M il pagliaccio infoiato per le donne che ha plagiato gli italiani? Cosa non abbiamo capito della serie tv
Come prevedibile, il lavoro di Joe Wright con Marinelli nei panni del Duce ha successo e fa parlare moltissimo di sé. Ma spesso per i motivi sbagliati

C'è un primo piano di Benito Mussolini, in M, con la faccia di Luca Marinelli, gli occhi e la bocca spalancati in favore di telecamera, mentre il Duce si accompagna (diciamo così) con Margherita Sarfatti che dice molto di come sta venendo percepita la serie Sky tratta dal libro di Scurati e diretta da Joe Wright.
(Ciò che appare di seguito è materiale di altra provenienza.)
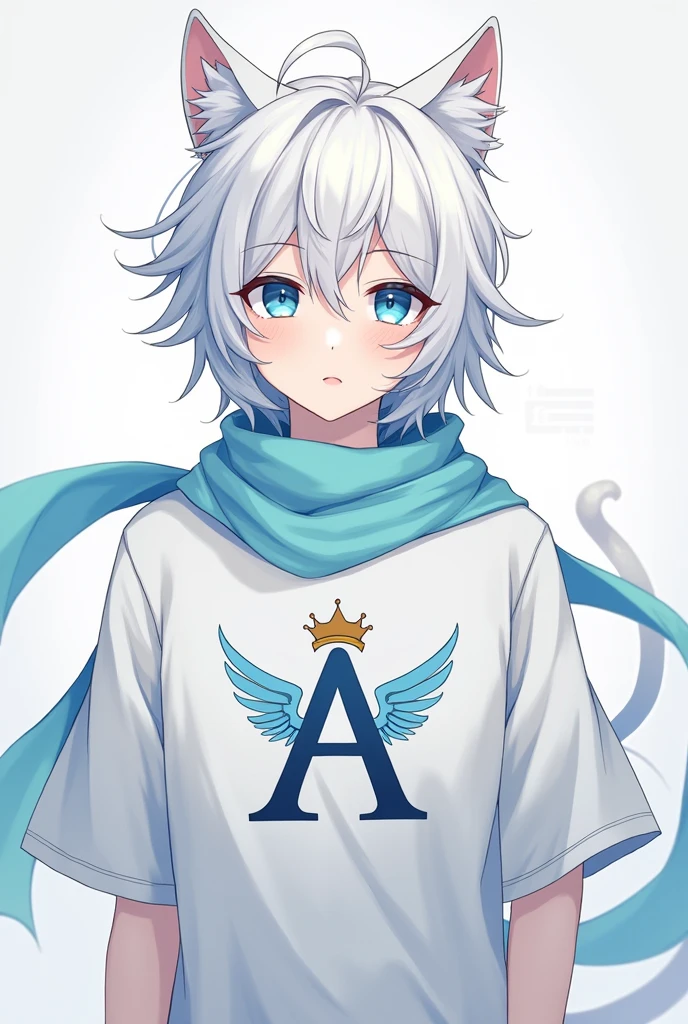 Make a male anime character with white hair blue eyes blue scarf white shirt cat ears with a letter A printed on the shirt with a crown on Sima of the letter A and wings on the side of the letter A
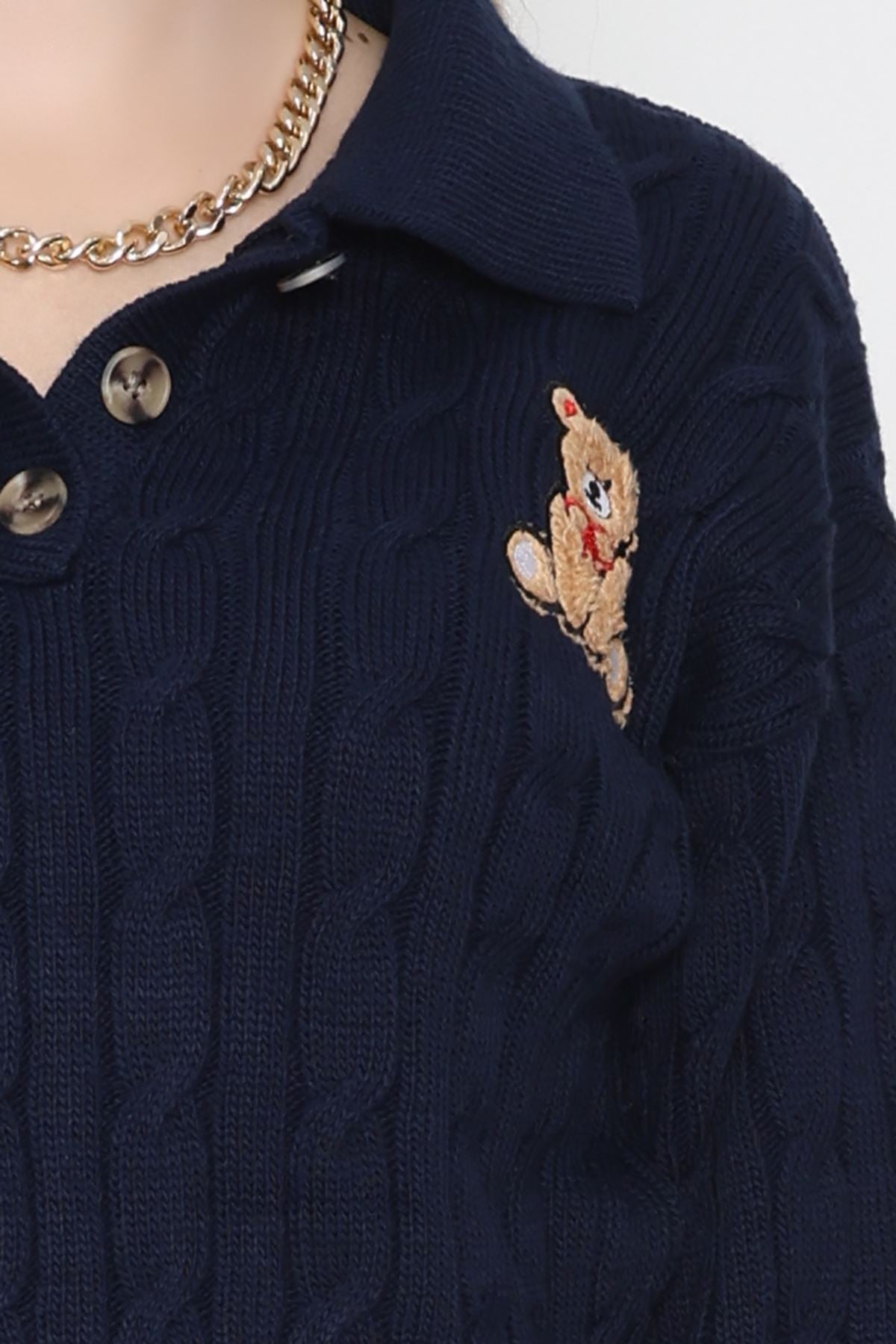 Saç Örgü Nakışlı Triko Kazak Lacivert - 2162.1247.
Gli ammiratori di colui che "ha fatto anche cose buone" commentano inorriditi che si sta trasformando un grande statista che poi ha sbandato verso l'orrore, ma anche i detrattori che applaudono a questo ritratto esagitato ed eccessivo del creatore del fascismo, commentano sottolineando questa sua rappresentazione da marionetta del Male. Fra crisi di inferiorità (verso D'Annunzio in particolare) e re Savoia nanerottoli. Ma M, a raffreddare gli animi e guardare meglio, ci sta mostrando altro. Che fatichiamo a capire.

Oltre gli errori storici
Poi ci sono gli storici, da Gianni Oliva, che all'analisi di cosa sono stati Benito Mussolini e il fascismo quasi cento anni fa ha dedicato studi e libri, al Giordano Bruno Guerri che insiste che oggi il fascismo è esperienza irrealizzabile e tuona contro l'eccesso di paura e di catastrofismo. Sottolineando entrambi che quell'M mostrato così, filmato così (ad echeggiare quasi il mostro di Dusseldorf, primo serial killer della storia del cinema, simbolo del Male assoluto) non agisse da solo ma avesse appresso 45 milioni di italiani. Tutti antifascisti, come si chiede perfino nel suo ultimo libro Oliva? Quindi andiamo oltre gli errori storici (segnalati da diversi studiosi, compreso l'accenno ai paradisi fiscali che allora non esistevano) per provare a tirar fuori dalla serie di Sky il tema principale. Il meno percepito dal pubblico, e bisognerebbe chiedersi perché.
Come funziona un regime
La spettacolarizzazione visiva di M (con molti momenti suggestivi che lo agevoleranno nel successo internazionale) sta rendendo poco lucido anche lo sguardo di commentatori esperti su questa serie. E' chiaro che Marinelli e Wright rendono Mussolini assolutamente centrale nella narrazione, in modo titanico, e fastidioso. Ma attorno a questo, la serie mostra due cose, che sono alla base di tutti i regimi e quindi anche di quello fascista: la violenza del sovrapporsi alle istituzioni precedenti, e l'uso dell'accentramento dell'informazione per raccontare una sola verità, unica e incontestabile.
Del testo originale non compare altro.